TFS2010: Large & Resumable Check-in Support

Grant Holliday’s blog

Senior Service Engineer, Microsoft Visual Studio Team Foundation Service

TFS2010: Large & Resumable Check-in Support

  • Comments 0

Problem

The DevDiv mainline contains over 200GB of content and more than 1.8 million files. Any version control operations that had to deal with this amount of content would occasionally run into two problems:

  1. If the number of pending changes is more than ~300,000, then the client might not be able to process all this data in the ListView and hit an OutOfMemoryException
  2. If it took longer than 60 minutes to upload all of the content and commit the check-in in the database, then it would hit the 60 minute timeout and rollback

Workarounds

People could sometimes work around the issue by using “tf checkin /noprompt” which would cut the client memory usage enough to allow it to complete.  We also have an undocumented switch “tf checkin /all” which allows you to check-in all pending changes in a workspace without having to load all the pending changes.  This switch has a limitation that it does not work with “edits” and “adds” and should only be used for branches (there is also a “tf branch /checkin” option which does the branch & check-in in one step). Another workaround was to break the check-in up into multiple check-ins, however this was less than ideal. 

New in TFS2010

We made an enhancement in Team Foundation Server 2010 to support very large check-ins by changing the client and server to page pending changes to and from the server.  It includes three core changes:

  1. Add paging capability for querying pending changes
  2. Change the list view in the Pending Changes dialog to a virtual list view and utilize the paging capability to populate the list on demand
  3. Add the ability to ‘enqueue’ pending changes for a check-in on the server

The default page size is 150,000, which means that if you try and check-in more than this, then your pending changes are written to a temporary table in batches of 150k.  This means that every batch has a full 60 minutes to upload before hitting the client-side timeout.  Once the client reaches the last page of pending changes, then it sends an extra flag which tells the server to commit the changes.  Since the server has all the data in a temporary table, it’s able to quickly move it into the real content table and avoid the 60 minute timeout.

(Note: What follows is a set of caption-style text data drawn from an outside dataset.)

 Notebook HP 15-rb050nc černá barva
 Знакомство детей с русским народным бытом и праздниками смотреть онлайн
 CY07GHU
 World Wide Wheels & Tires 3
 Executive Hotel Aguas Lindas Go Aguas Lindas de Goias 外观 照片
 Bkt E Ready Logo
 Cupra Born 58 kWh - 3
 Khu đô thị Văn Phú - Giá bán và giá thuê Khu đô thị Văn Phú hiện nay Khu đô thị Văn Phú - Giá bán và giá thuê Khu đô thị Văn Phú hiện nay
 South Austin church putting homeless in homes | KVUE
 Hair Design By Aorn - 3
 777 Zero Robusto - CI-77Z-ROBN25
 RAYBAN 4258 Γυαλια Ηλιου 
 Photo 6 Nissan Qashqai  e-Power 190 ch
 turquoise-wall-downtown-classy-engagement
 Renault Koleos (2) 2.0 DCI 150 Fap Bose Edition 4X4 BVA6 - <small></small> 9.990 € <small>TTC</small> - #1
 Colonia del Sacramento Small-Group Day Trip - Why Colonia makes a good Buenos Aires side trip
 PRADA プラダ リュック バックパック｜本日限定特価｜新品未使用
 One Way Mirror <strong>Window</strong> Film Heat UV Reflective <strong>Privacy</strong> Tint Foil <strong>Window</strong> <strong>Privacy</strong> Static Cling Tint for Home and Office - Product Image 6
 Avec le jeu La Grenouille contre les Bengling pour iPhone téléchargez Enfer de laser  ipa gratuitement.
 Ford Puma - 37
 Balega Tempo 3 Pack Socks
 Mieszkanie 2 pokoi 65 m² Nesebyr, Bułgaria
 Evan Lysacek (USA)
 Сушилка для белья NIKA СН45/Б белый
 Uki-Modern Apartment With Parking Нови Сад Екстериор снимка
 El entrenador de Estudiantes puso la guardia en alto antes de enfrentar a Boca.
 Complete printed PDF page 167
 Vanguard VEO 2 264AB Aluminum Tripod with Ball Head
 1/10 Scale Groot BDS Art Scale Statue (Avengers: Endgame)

If you cancel your check-in command before it’s complete, you can also run it again and it will reuse the pending changes that are in the temporary table.  This temporary table of pending changes is cleaned up every 24 hours by a job so that the paged changes don’t accumulate sit in the database if they never get checked in. 

Proof

Yesterday I was able to check-in and add of 1.8 million items (200GB of content) with a single action without restarting or running out of memory.  It took about 7 hours to upload all the content and then another 25 minutes to perform the final commit in the database.  The end result is a single changeset which is exactly the result I was after.